Wednesday, March 23, 2011

French Baguettes!




Continuing on with my new bread book Artisan Breads Every Day by Peter Reinhart, it looks like French baguettes are next on the learning curve.  I was excited about trying to make the classic french bread.  I imagined pulling the long slender loaves out of the oven,  wrapping them up in brown paper, and  tucking them in my bike basket alongside a thick, wild clump of lavender.  I imagined my scarf, wound so perfectly around my neck (as only the french know how to do),  with my french skirt billowing out against the wind, while pedaling my bike leisurely along the country landscape. 

 I imagined... I imagined...

Screeeeeech!  My revelry slips back to reality!  I don't even have a bike, much less a bunch of lavendar.  And unless the letters can magically rearrange themselves, the state I am currently discovering is spelled T-E-X-A-S.  

Alrighty then, so the only part of my daydream to come true are the yet-to-be-made french baguettes.  

Turn to page 49 and let's begin.

(Self-pity note:  Still working on perfecting my food photography.  Constant rejections from FG and TS.  Feel free, any of you experts out there, to aid my slow as molasses progression in this photographic area.  Seems when I download my photos to their sites, a slight blur occurs.

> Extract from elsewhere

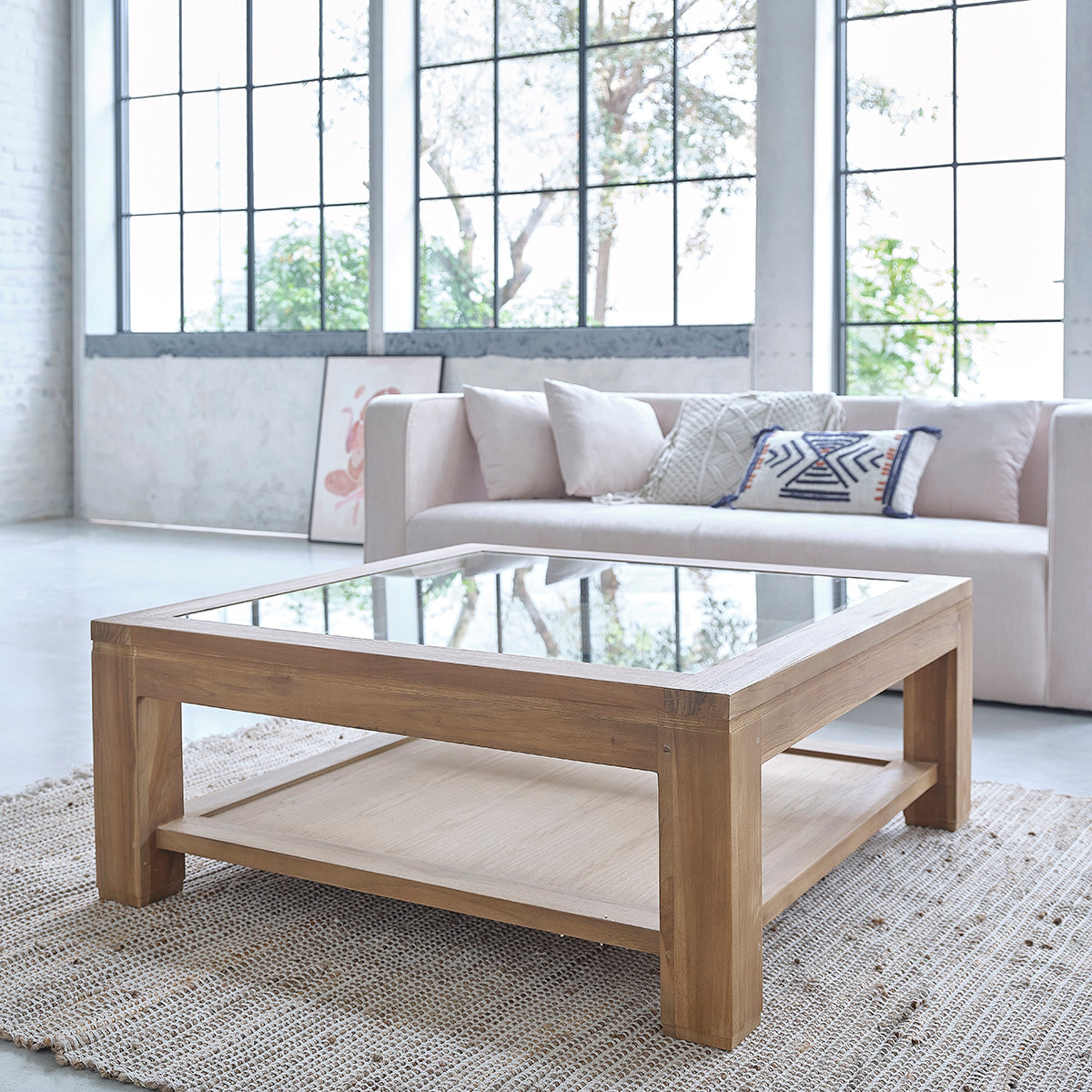 BOSTON - Couchtisch aus massivem Teakholz 100 cm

Grrrrrrr.)

Coming back from New Orleans from Spring Break and bringing back in tow a huge can of Cafe Du Monde coffee was a perfect accompaniment to this crusty french bread.  Delicious heady Louisiana coffee and hot slices of french bread with butter = heaven!
S. Kenney - bread loaves proofing

Classic French Bread:

Ingredients:
5 1/3 c (24oz/680g) unbleached bread flour
2 teaspoons (0.5oz/14g) salt, or 1 Tbsp. coarse kosher salt
2 1/4 tsp (0.25 oz/7g) instant yeast
2 c (16 oz/454g) lukewarm water (about 95ºF or 35ºC)

Do ahead:
Combine all of the ingredients in a mixing bowl.  If using a mixer, use the paddle attachment and mix on the lowest speed for 1 minute.  The dough should form a coarse shaggy ball.  Let it rest, uncovered, for 5 min.

Switch to the dough hook and mix on medium-low speed for 2 min.  The dough should be smooth, supple, and tacky but not sticky.

Knead the dough by hand on a lightly floured work surface for about 1 min more, then transfer it to a lightly oiled bowl.  Cover the blowl with plastic wrap, then immediately refrigerate overnight or for up to 4 days.  If the dough feels too wet and sticky, do not add more flour;  instead stretch and fold it one or more times at 10 min. intervals before putting it in the refrigerator.

On Baking Day:

Remove the dough about 2 hours before you plan to bake.  Gently transfer it to a lightly floured work surface, taking care to degas it as little as possible.  Divide the cold dough into baguettes that will fit in your oven.  Loosely cover the loaves with plastic wrap, and proof at room temperature for about 1 1/2 hours, until increased to 1 1/2 times its original size.

About 45 min. before baking, preheat the oven to 550ºF (288ºC) or as high as it will go, and prepare the oven for hearth baking.

Score the dough just prior to baking with a serrated knife or razor.  Transfer the dough to the oven, pour 1 c of hot water into the steam pan, then lower the oven temp to 450ºF (232ºC).

Bake for 12 minutes, then rotate the pan and bake for another 15-20 min., until the crust is a rich golden brown and hollow when thumped.  Cool if you can stand it, have some yummy butter ready and serve!!